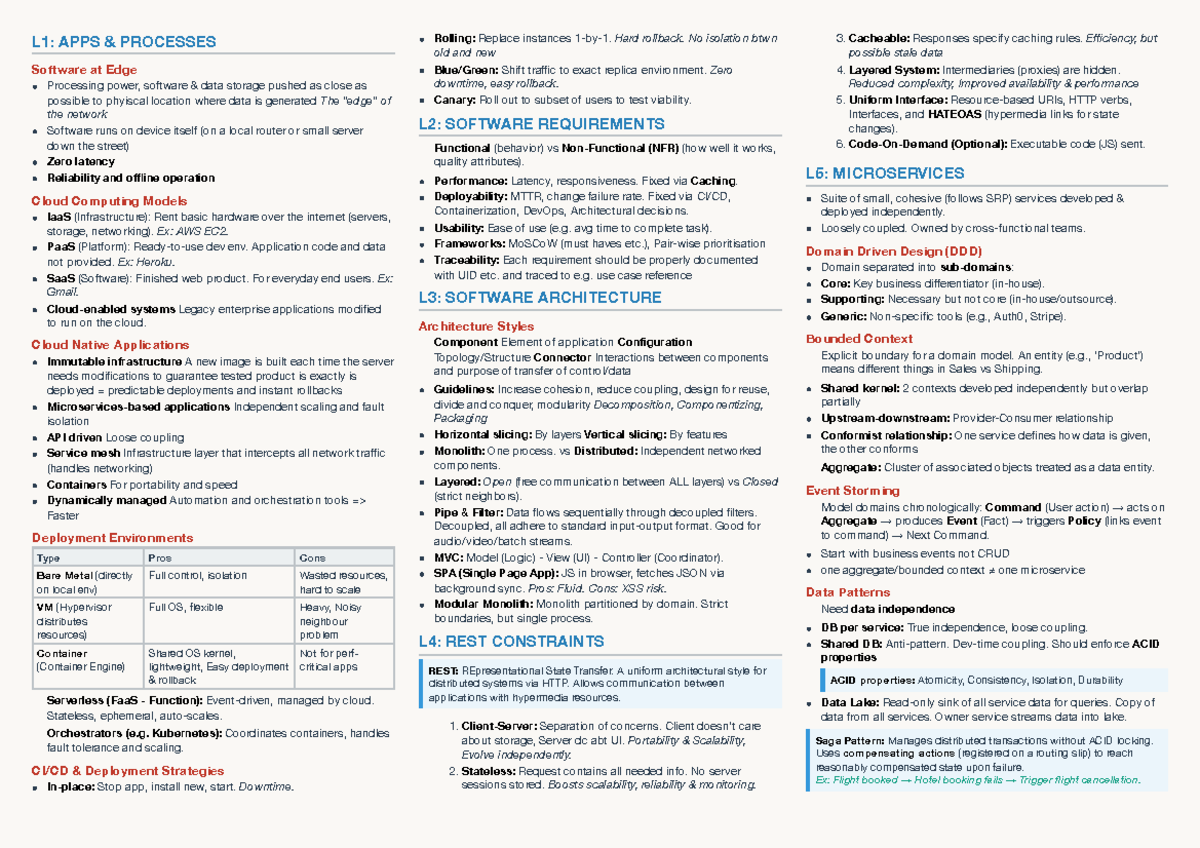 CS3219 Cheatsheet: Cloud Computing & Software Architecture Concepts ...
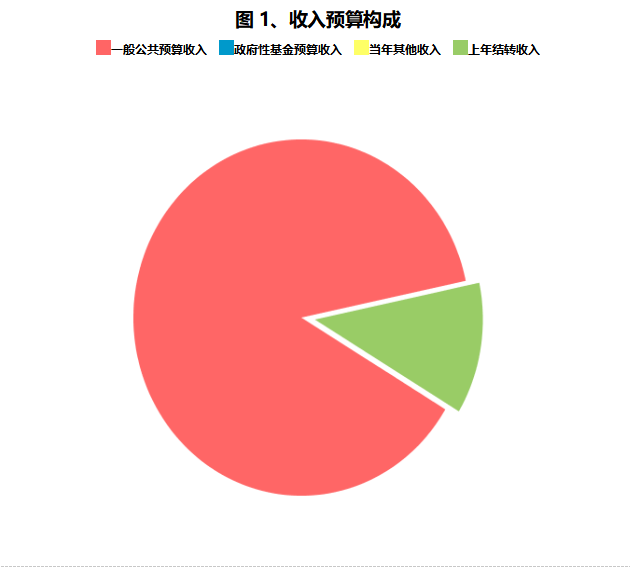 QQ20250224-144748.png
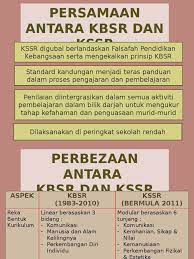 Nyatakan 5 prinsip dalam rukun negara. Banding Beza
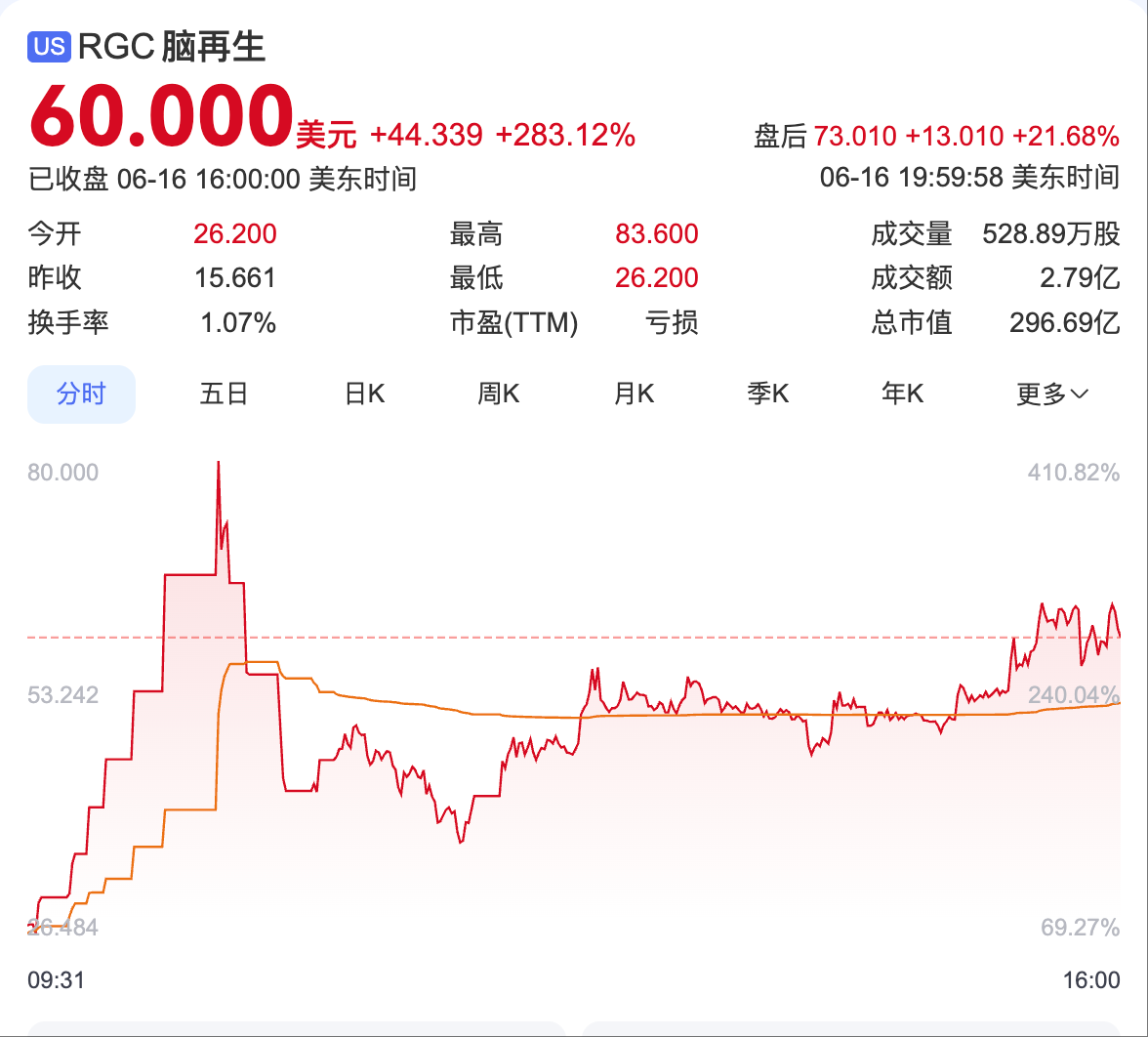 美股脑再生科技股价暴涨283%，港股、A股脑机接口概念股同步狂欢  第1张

###

**About this task:**
Set the material down exactly, images excluded.

**Response for this exercise:**
 CS3219 Cheatsheet: Cloud Computing & Software Architecture Concepts ...
 QQ20250224-144748.png
 Nyatakan 5 prinsip dalam rukun negara. Banding Beza
 美股脑再生科技股价暴涨283%，港股、A股脑机接口概念股同步狂欢  第1张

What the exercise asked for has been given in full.